As stated, you were most likely quoted what you needed in order to get MRV on all 4 of your TV's. You can just get the 2 HD-DVR's and let the other 2 DirecTivos get swapped out for SD-DVR's, which is included in the MRV upgrade price, so that would cost you between $200-$250 total.

I'm not sure what you mean by doing MRV in SD though. The DirecTivos cannot be hooked up to perform MRV along with the HD-DVRs.



harsh said:


> SWiM is not required for MRV.


If he is getting the MRV upgrade, then yes SWiM is a requirement, which is what that poster was pointing out.

- Merg


----------



## Doug Brott (Jul 12, 2006)

harsh said:


> SWiM is not required for MRV.


you're missing the point though .. The OP needs a new dish to get Ka/Ku .. The OP needs a new multiswitch to get more than 4 tuners off of that dish. All installs today are utilizing SWiM so the complication comes in as cost is considered.
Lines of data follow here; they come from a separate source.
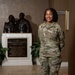 A U.S. Air Force service member named Turner, wearing OCP (Operational Camouflage Pattern) uniform, stands smiling in the lobby of a Fisher House facility. She is posed in front of a bronze dedication plaque and sculpture honoring military service members and their families. The setting is a Fisher House, a nonprofit organization that provides housing for military families during medical treatment.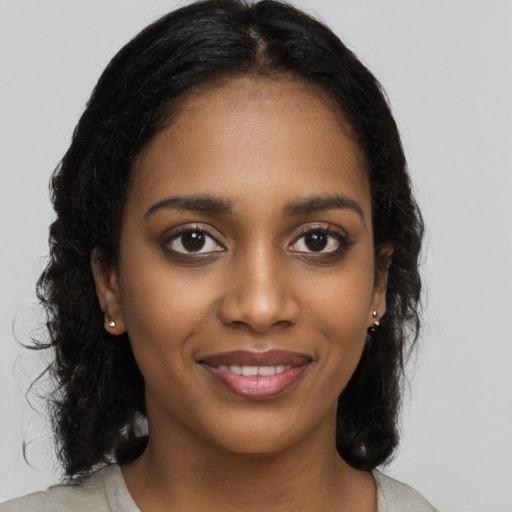 Joyful black young-adult female with long  black hair and brown eyes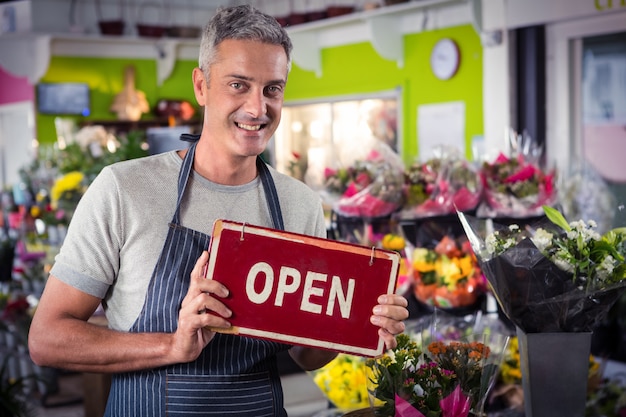 Mannelijke bloemist die open uithangbord houdt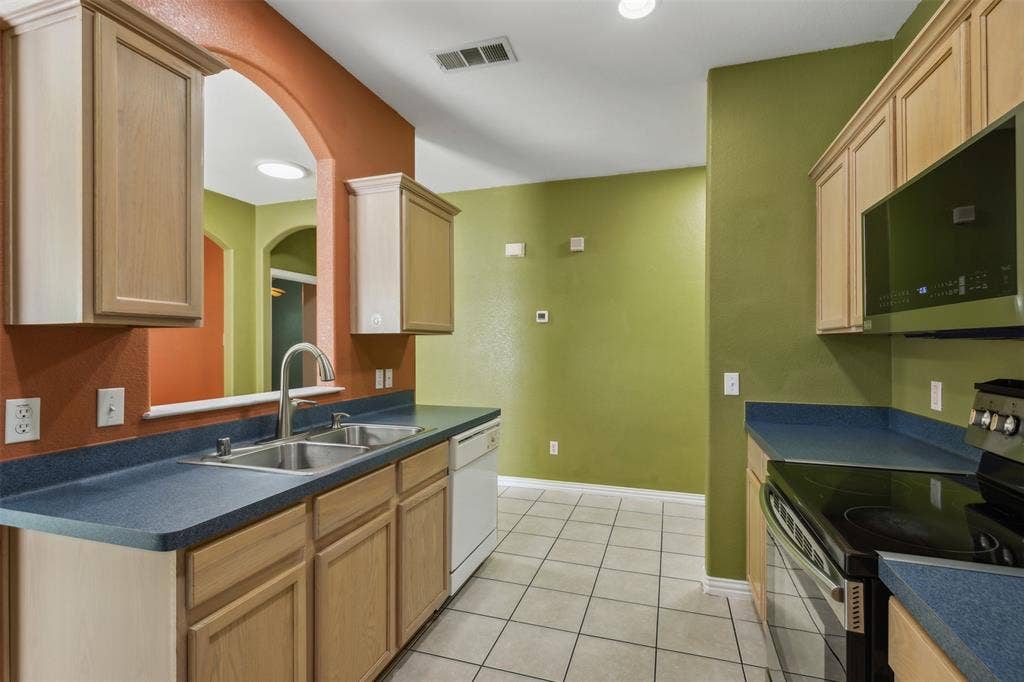 8614 Torreon Court, Dallas, TX 75217 Kitchen with light brown cabinets, sink, light tile floors, and appliances with stainless steel finishes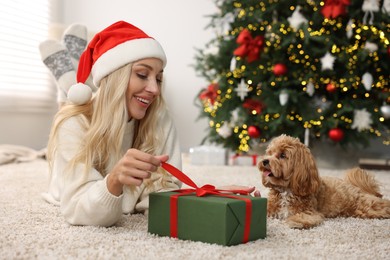 Photo of Woman opening Christmas gift and cute Maltipoo dog on rug indoors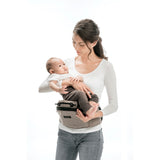 Woman holding baby with a beige MiaMily Hipster ergonomic baby carrier hip seat.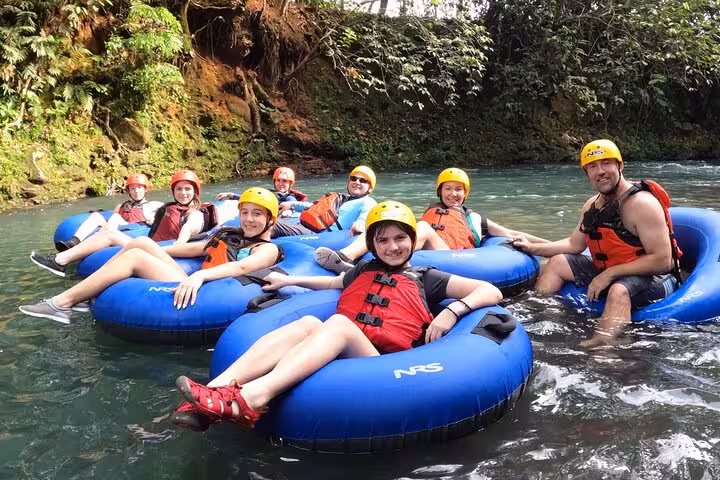 Smiling group of tubers relaxing on the Celeste River in bright safety gear under the canopy.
A possible solution in this case is to run two sets of infrastructure ..

The dish has to be replace (mast and all), so maybe the best solution is to leave the existing dish and connect your DIRECTiVo's to that (same as now) and add the new setup that you want. You could then keep 3 of the four DIRECTiVo's subbed if you want for a time as you transition to the new receivers. Then as you continue your transition in the future you just move from the old infrastructure to the new infrastructure.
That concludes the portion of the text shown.